Definition
A data engineer builds and operates the pipelines, warehouses and platforms that move, store and shape data so it is reliable and usable. Distinct from a data scientist (who models and analyses data) and an analytics engineer (who turns modelled data into clean, business-ready tables). It is the foundational role the rest of the data team depends on.
"We need a data person" is the brief that produces the worst shortlists in tech recruitment, because "data" spans three genuinely different jobs that hire, price and source differently. Confusing them wastes interview loops and, more expensively, results in the wrong hire building the wrong thing. This guide defines the data engineer, separates it cleanly from the data scientist and the analytics engineer, and gives the real Australian bands.
What a data engineer does
The data engineer builds the plumbing and the platform that everyone else's work runs on:
- Ingestion and pipelines. Moving data reliably from source systems into where it can be used, at scale and on schedule.
- Warehousing and modelling at the platform layer. Designing how data is stored so it is performant and trustworthy.
- Orchestration and reliability. Making pipelines observable, testable and recoverable, so a broken feed does not silently corrupt every downstream dashboard.
- The data platform. The tooling and standards the whole data function builds on.
It is fundamentally a software-engineering role, built in Python, SQL, Spark and orchestration tooling, and it is the role most likely to be underestimated by teams that think they need a "data scientist" first.
Data engineer vs data scientist vs analytics engineer
The clean way to hold the three apart is by what they produce:
| Role | Produces | Core skill |
|---|---|---|
| Data engineer | Reliable pipelines and platform | Software engineering, distributed data |
| Analytics engineer | Clean, modelled, tested tables | SQL and dbt, business modelling |
| Data scientist | Models, experiments, answers | Statistics and machine learning |
The data engineer builds the foundation. The analytics engineer, a role that emerged in the last few years, sits between engineering and analytics, transforming raw data into the clean tables analysts and dashboards consume, usually with dbt and SQL. The data scientist sits on top, using trustworthy data to model and answer questions. Most teams should hire in that order: you cannot do useful data science on a foundation that does not exist. Where data engineering meets machine-learning production, the work shades into platform-side and MLOps territory, covered in our AI cluster.
What each earns in Australia
From Re:Sourced accepted offers (Sydney, base only, 25th to 75th percentile, 2026):
| Level | Sydney | Melbourne | Brisbane |
|---|---|---|---|
| Senior data engineer | AUD 160-190k | AUD 155-180k | AUD 145-170k |
| Principal data engineer | AUD 190-250k | AUD 180-240k | AUD 170-225k |
Data engineers who own ML-facing data platforms price at the top of the band. Full detail is in the data engineer salary guide and the salary checker. Analytics engineers typically price near the senior software band; data scientists vary widely with the amount of production ML in the role.
Hire the data engineer first. A brilliant data scientist on top of pipelines that cannot be trusted produces confident answers to the wrong questions.
Hiring one
Decide which of the three you actually need by asking what is missing: reliable data (engineer), clean business-ready tables (analytics engineer), or models and answers (scientist). Then screen for the specific skill, not the word "data" on a CV. Our guide on how to hire data engineers in Australia covers scoping and process, and our data engineering practice runs these searches end to end.
FAQ
What is a data engineer?
A data engineer builds and operates the pipelines, warehouses and platforms that move, store and shape data so it is reliable and usable. They own ingestion, transformation, orchestration and the data platform itself. Everything the data scientists and analysts do sits on top of what the data engineer builds, which is why it is the foundational role of a data team.
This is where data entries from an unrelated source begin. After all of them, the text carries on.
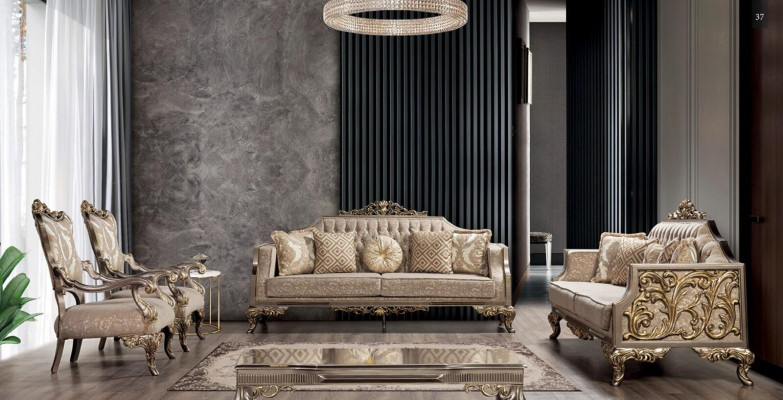 Sofa sestava 3+3+1+1 sedadla stol Klasického designéra Luxusní obývací pokoj Set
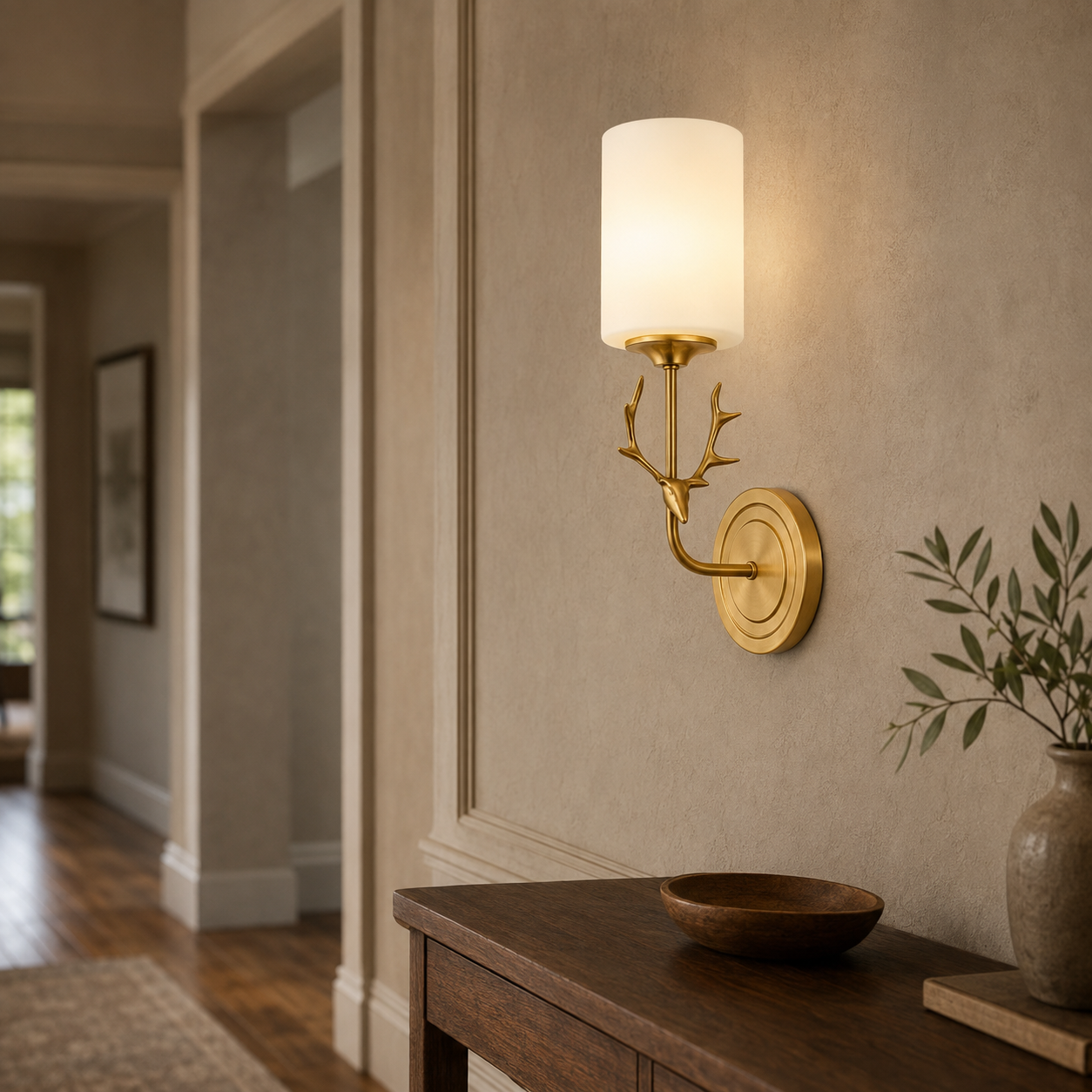 Style A single-light antler wall sconce in an American hallway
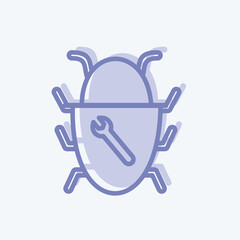 Bug Fixing Icon in trendy two tone style isolated on soft blue background - obrazy, fototapety, plakaty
What is the difference between a data engineer and a data scientist?
A data engineer builds the infrastructure and pipelines that make data available and trustworthy. A data scientist uses that data to build models, run experiments and answer questions with statistics and machine learning. The data engineer is a software-engineering role; the data scientist is a modelling and analysis role. Hiring one when you need the other is a common and expensive mistake.
What is the difference between a data engineer and an analytics engineer?
A data engineer owns the raw pipelines, ingestion and platform (often in Python, Spark, SQL and orchestration tools). An analytics engineer sits closer to the business, transforming that raw data into clean, tested, well-modelled tables (typically with dbt and SQL) that analysts and dashboards consume. Analytics engineering emerged as the bridge between data engineering and analytics.
How much does a data engineer earn in Australia?
Senior data engineers in Sydney earn AUD 160 to 190k base in 2026, with principals at AUD 190 to 250k. Melbourne runs a few per cent below Sydney and Brisbane 8 to 12 per cent below. Bands are base only, 25th to 75th percentile of accepted offers. Data engineers who straddle ML data platforms price at the top of the band.